• Work required
No pictures, please. Copy exactly the lines from the one with "Venezuelas utrikesminister Jorge" through the final line below.

• Dataset content
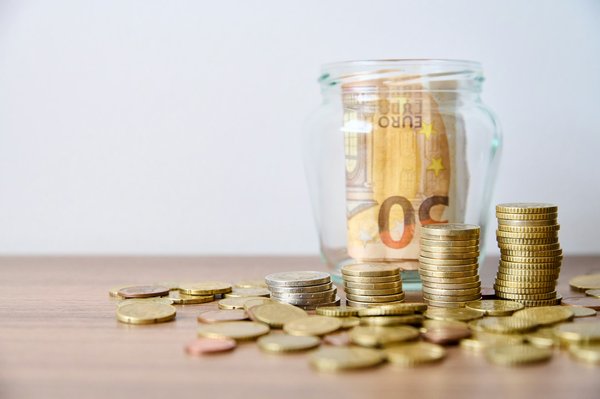 Conseils pratiques pour préparer sa retraite avec un salaire modeste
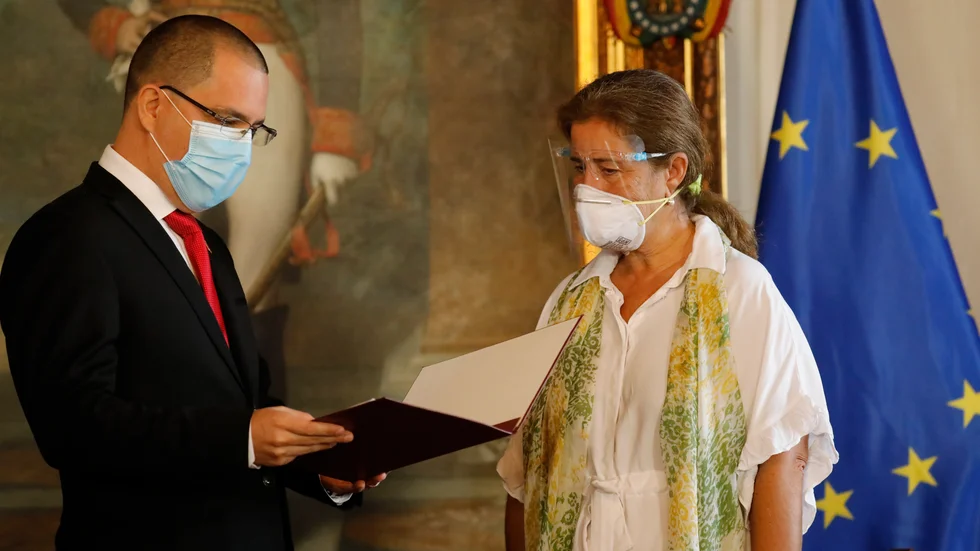 Venezuelas utrikesminister Jorge Arreaza (till vänster) kallade upp EU-ambassadören Isabel Brilhante Pedrosa i samband med beslutet att utvisa henne.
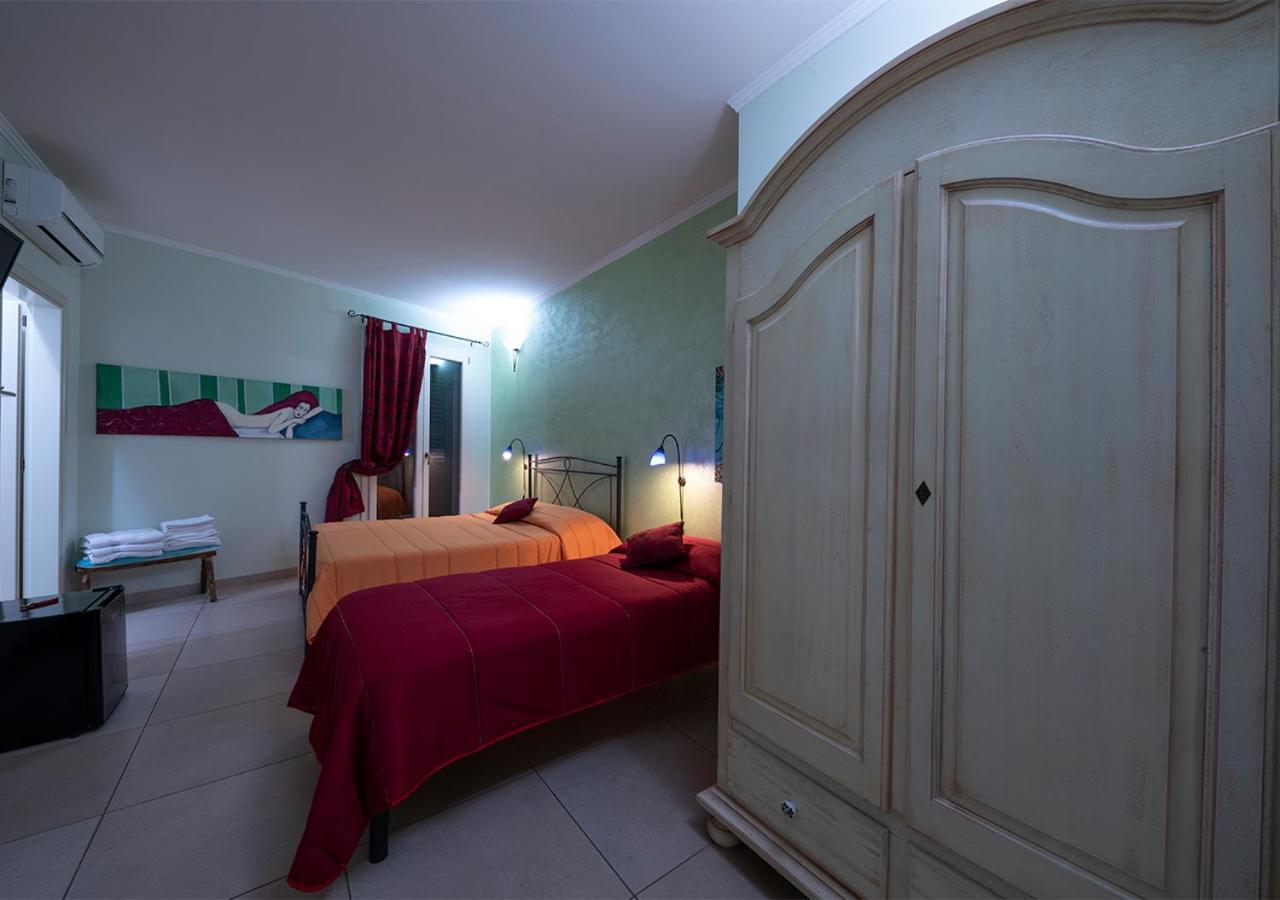 Adua Art Bed & Breakfast Castrignano del Capo Exterior photo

• Answer
 Venezuelas utrikesminister Jorge Arreaza (till vänster) kallade upp EU-ambassadören Isabel Brilhante Pedrosa i samband med beslutet att utvisa henne.
 Adua Art Bed & Breakfast Castrignano del Capo Exterior photo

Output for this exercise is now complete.